As part of the Gentiles’ business arrangement, son Adam owns the club itself, and Adam’s mother (and Dominic’s ex-wife), Michelle Gentile, manages the books. The Gentiles are a colorful lot already and would make good TV even if just tailed by a video crew for a month. When you mix in the salty setting of Las Vegas’ only all-nude club that operates under a full liquor license (Palomino, which opened in 1969, holds a license that was grandfathered with North Las Vegas and expires in 2019) and the club’s rich history, it was only a matter of time before someone with an eye for reality-based TV would show up on the scene. It turned out to be Leslie Greif of Boutique TV, the executive producer of “Gene Simmons Family Jewels” for A&E. The Simmons show aired footage from the Palomino last year, and Greif saw an opportunity to turn the club into a set for an unscripted, adult-themed series, a visit to a strip joint as if produced by Larry David.

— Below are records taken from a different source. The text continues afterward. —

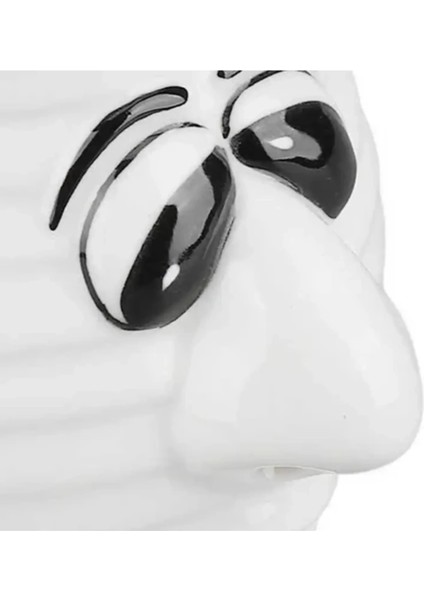 Komik Burun Şeklinde Yumurta Akı Ayırıcı – Sümük Tasarımlı CL-K12 fiyatları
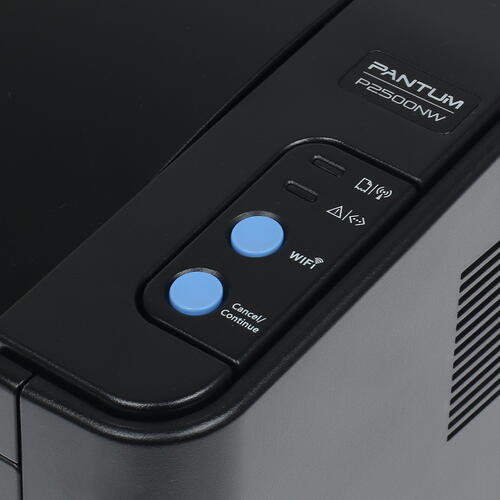 Купить Принтер лазерный Pantum P2500NW  1269525. Характеристики, отзывы и цены в Донецке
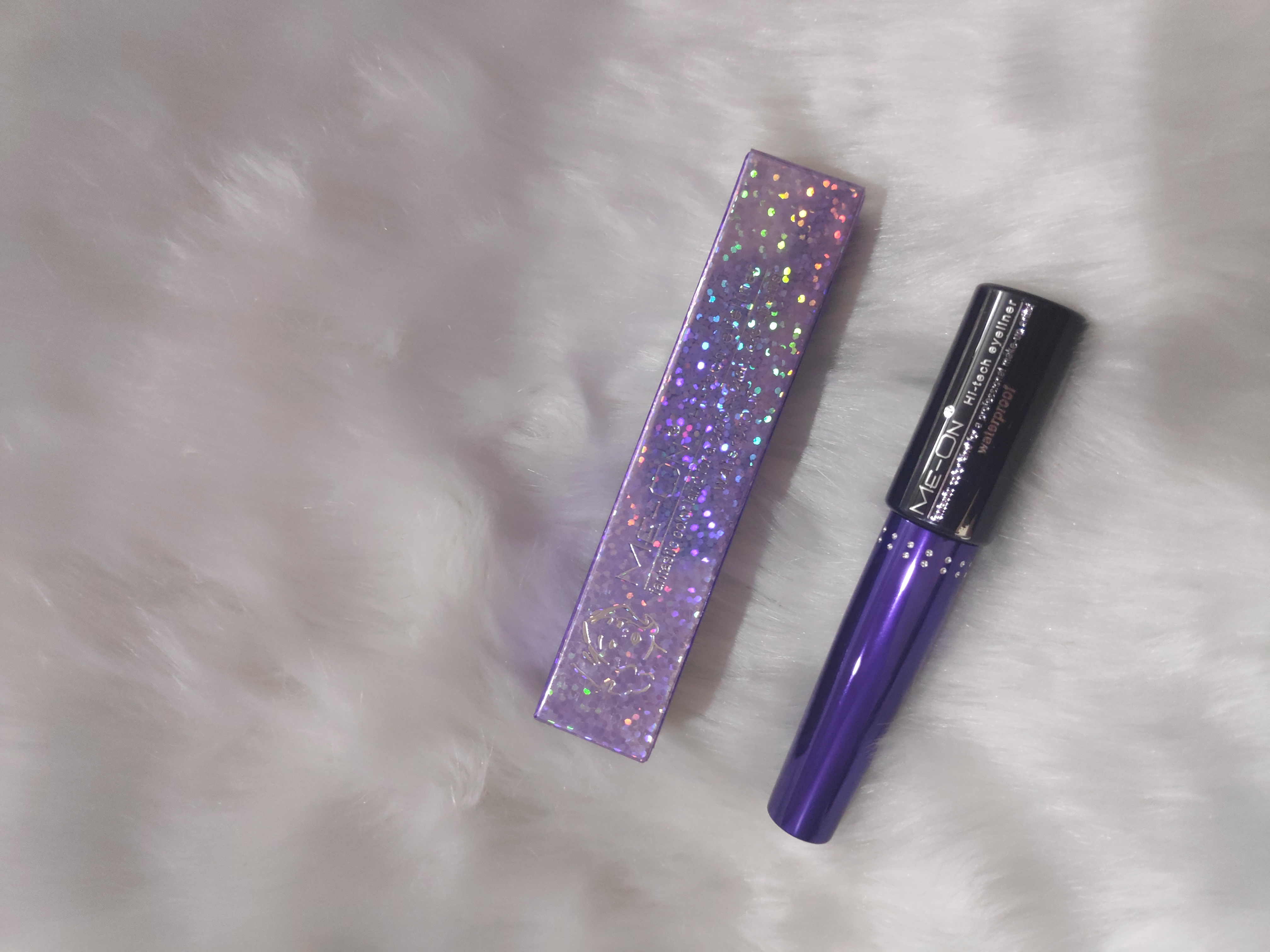 Me-on Hitech Eyeliner WaterProof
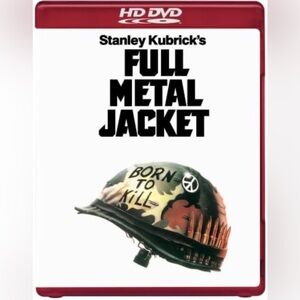 Full Metal Jacket HD DVD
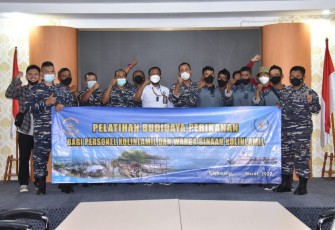 Pelatihan Budidaya Perikanan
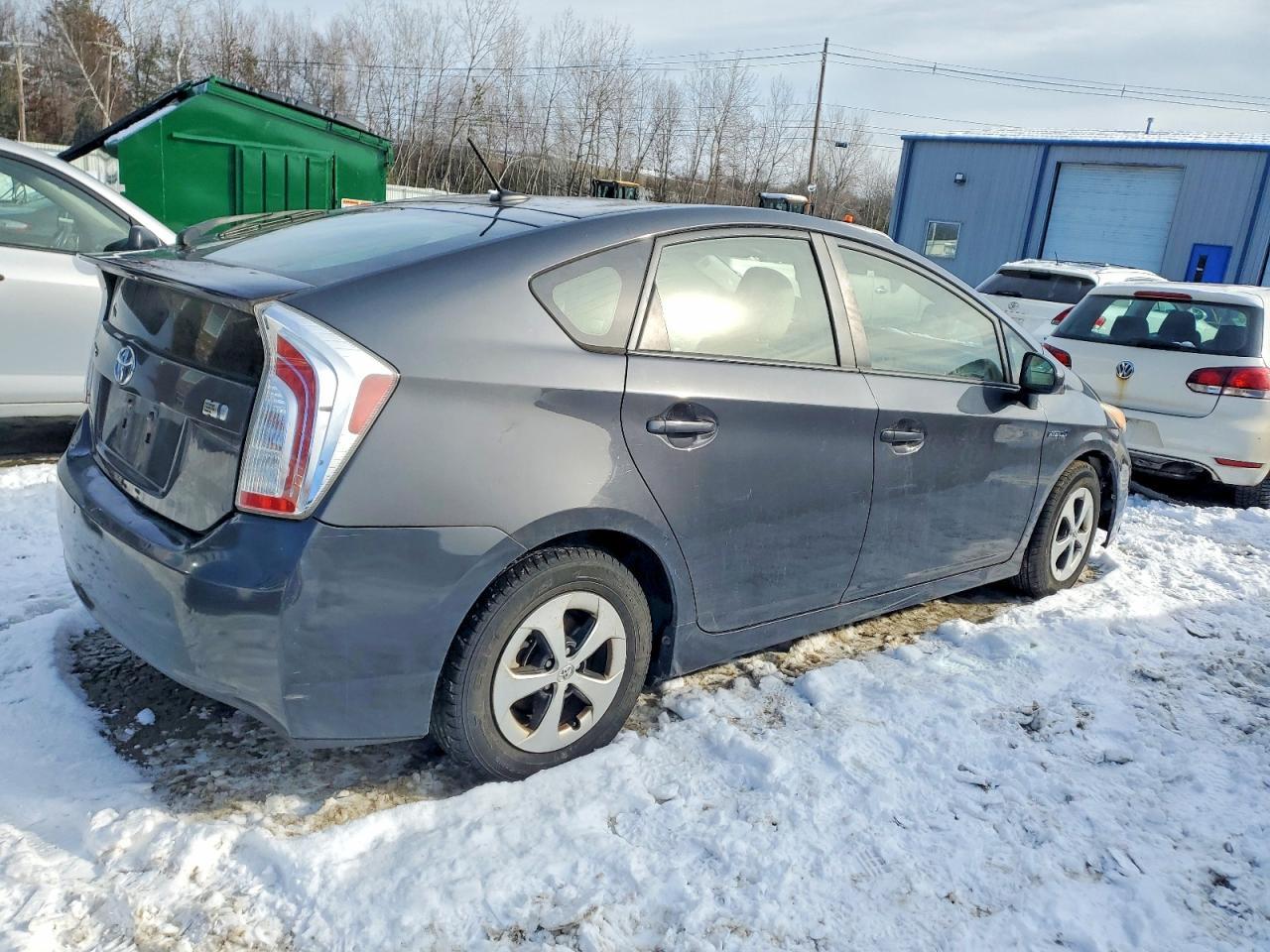 2013 TOYOTA PRIUS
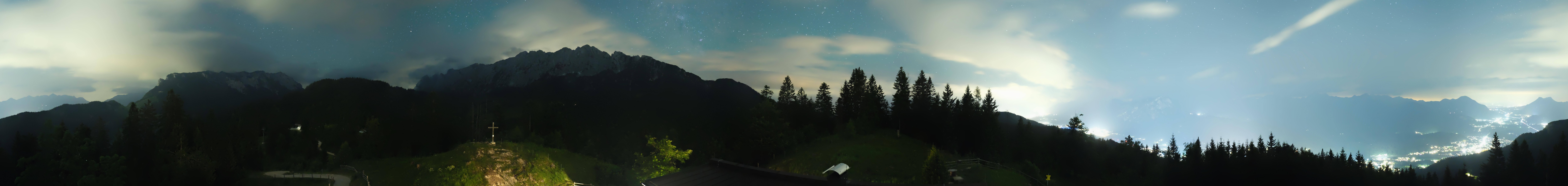 Archiv Foto Webcam Kufstein - Weinbergerhaus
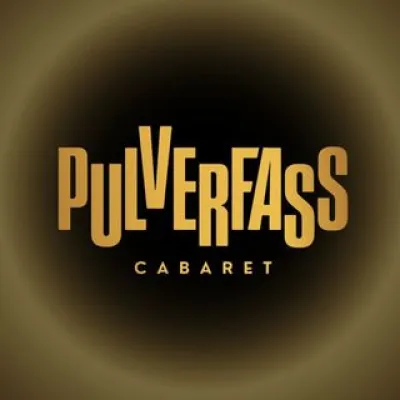 Pulverfass Cabaret logo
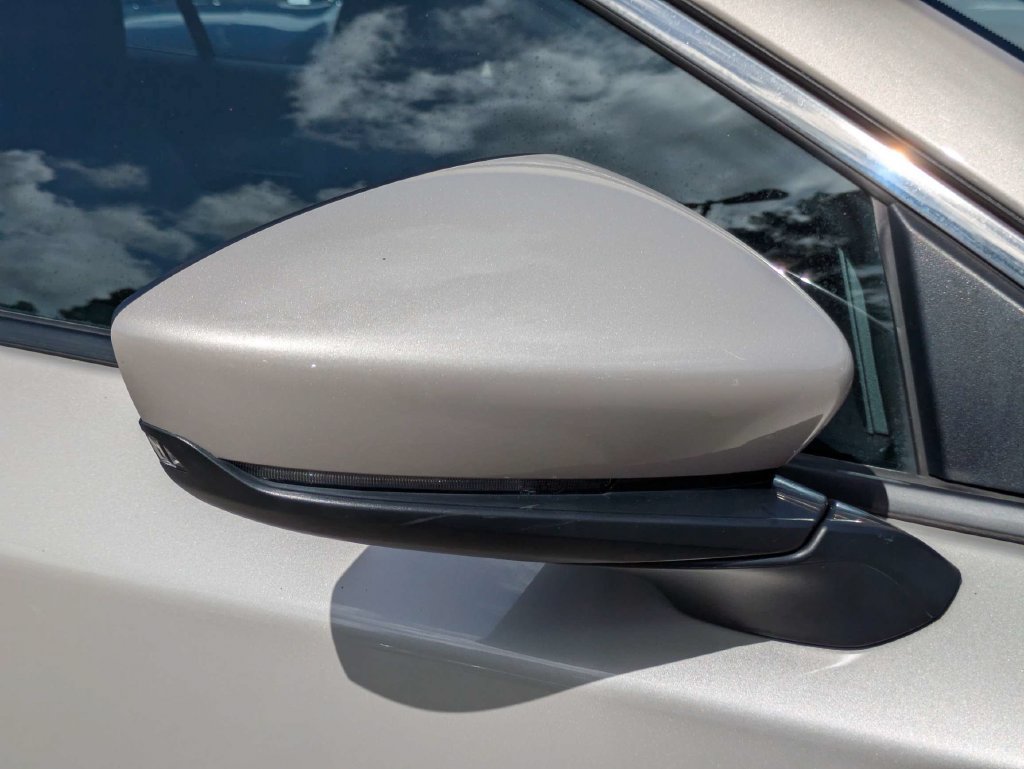 Used 2025 MAZDA MAZDA3 s FWD image 12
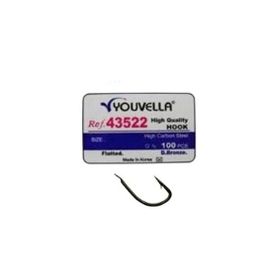 Youvella 43522 No:5 100'lü Olta İğnesi
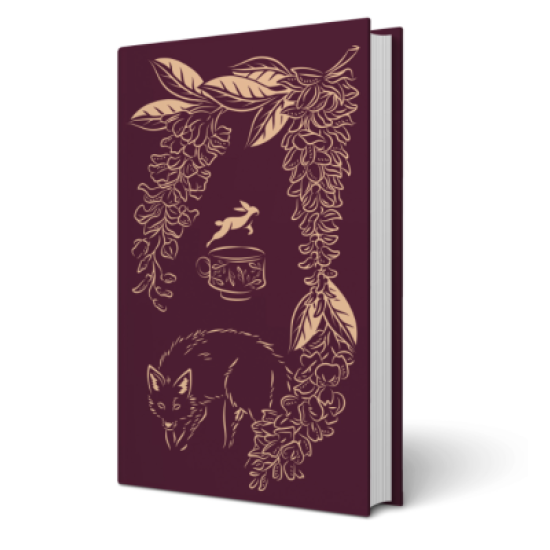 Wisteria - book 3 | Адалин Грейс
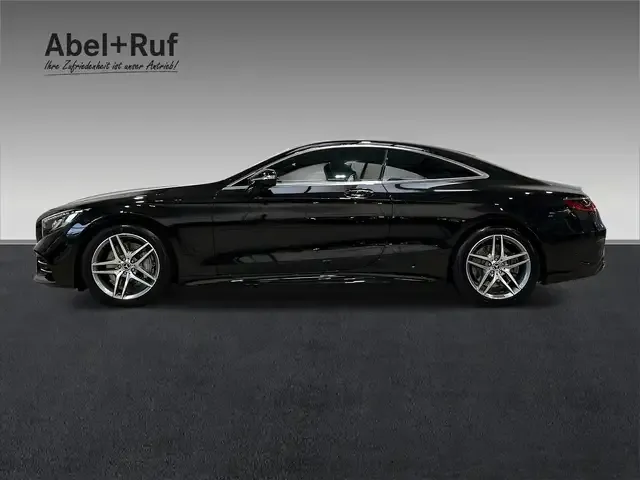 Mercedes-Benz S 560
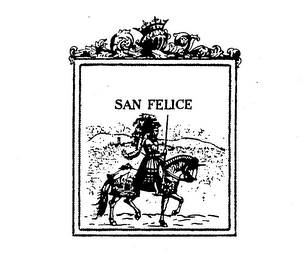 SAN FELICE trademark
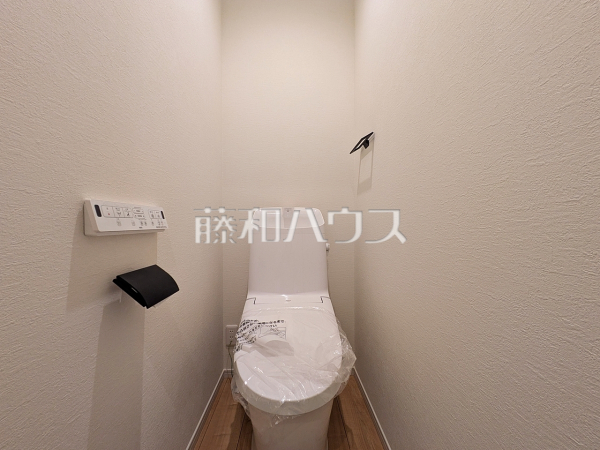 トイレ　【練馬区三原台３丁目】
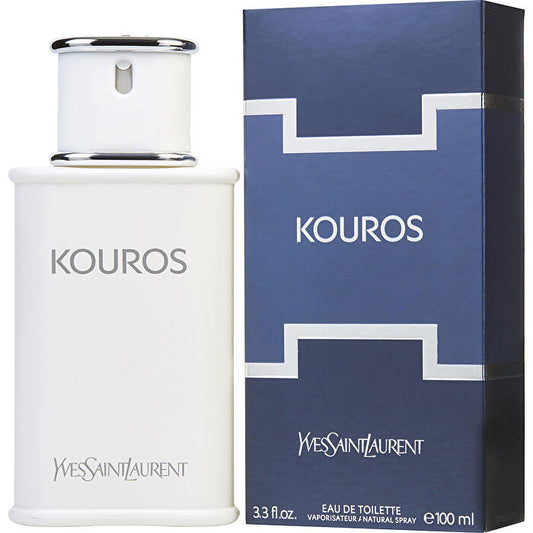 Yves Saint Laurent Kouros Eau De Toilette Spray 90ml/3.3oz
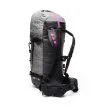Black Diamond Cirque Ultra 35 L alpinryggsäck (unisex) bakifrån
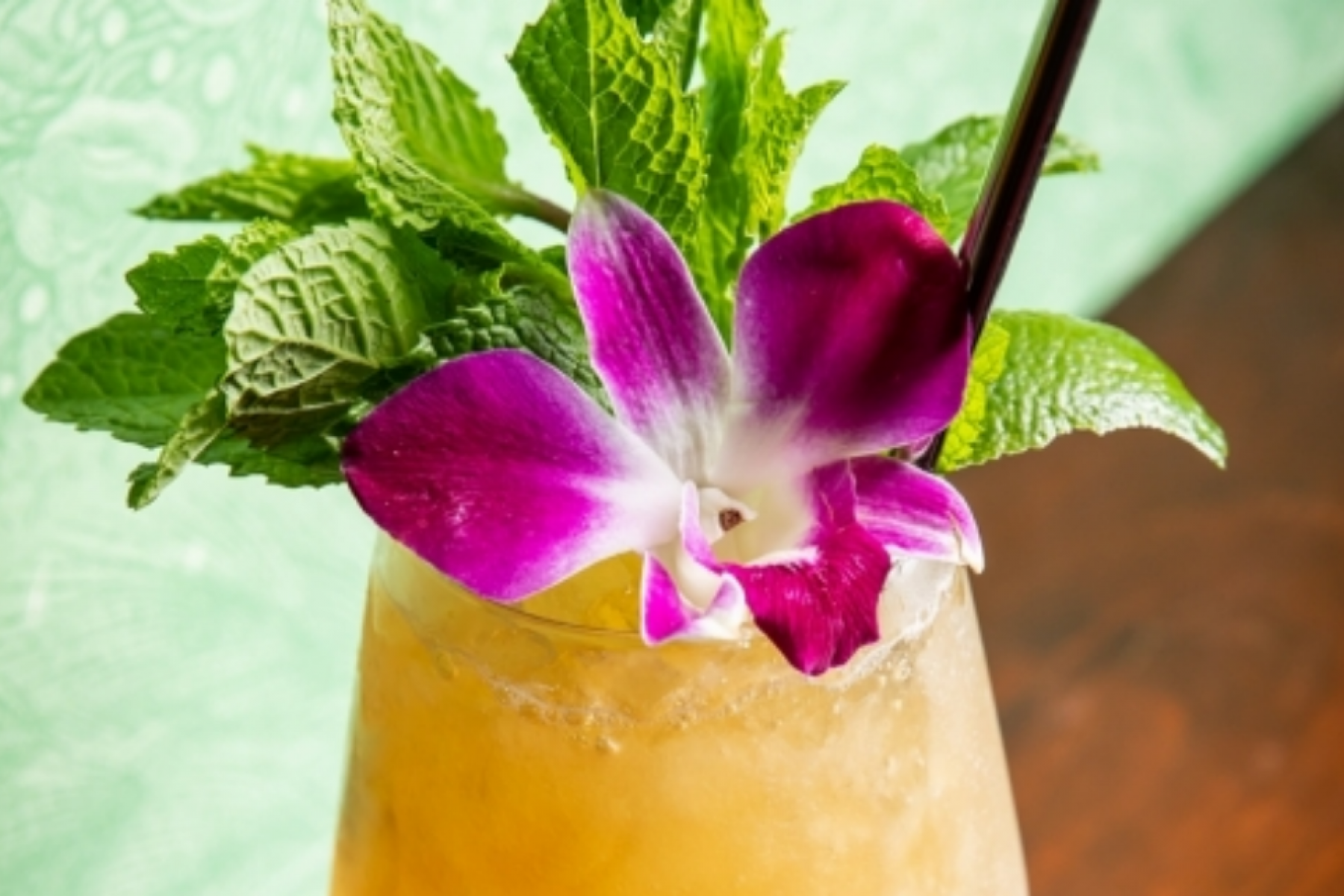 今月のカクテル
8月30日はマイ・タイ記念日！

It would never work on A&E, as every scene would likely be indecipherable for all the pixilation. Instead, in all its boobs and bluster, “King of Clubs” will begin airing its 12 half-hour episodes on Playboy TV in October.
What to expect? Last night, the crew was canvassing the club to record a contest in which the bodies of a dozen women were painted by Las Vegas artist A.D. Cook, who has a rife-with-nudes gallery at the Southern Nevada Center for the Arts at Neonopolis. The dozen paint-enhanced women took to the stage, and a winner was determined via a scientific polling of the crowd, which shouted gutturally at their favorite figure.
“We want it to be sexy, but smart,” said Greif, who managed to stay remarkably focused during our conversation at the bar, even as a totally nude woman painted as a slot machine with three 7s across her tummy stood next to us. I pulled her arm, and she performed quite a convincing impression of a jackpot.
“This show has to be funny, but not in a sitcom way. We come in and capture the characters, the scene, the club, which has a lot of history, obviously,” Greif said. “I don’t have a background in this sort of entertainment, which is good, I think. I come in with my own ideas of what works and apply them to this material.
“I’ll tell you, we’ve been to all the clubs in town, and this is the only one where you can just hang out.”
That’s been known to happen at the Palomino, yes.
The show, in its second week of taping, should bring business to a business desperate for such. At its peak, the Palomino pulled $13 million a year in gross revenues. When the Gentles took over, that number was down to $1 million, and the business was sagging like a dancer far past her prime. As Dominic noted, the Palomino is the only strip club in Las Vegas doing better business today than two years ago, “But that’s mostly because it was doing so lousy before.”
It helps that Adam Gentile, producer of “Men the Show” and, later, Club Seven, renovated and de-trashified the club to make it more appealing to a slightly higher-end clientele. Attorneys, for example. The Palomino will continue to cater to a local crowd – it sits three miles north of downtown – though the series should serve as a 12-segment, national ad campaign. A promotional push by Playboy put last night’s bar take on a pace to become the largest since Adam started managing the club.
Figure that all the Gentiles will be featured extensively in the Playboy TV show. “I’m in it a lot, yeah, but I’m never out here,” Dominic said. “I leave the business to Adam.” But last night, the father looked every bit the star of the show.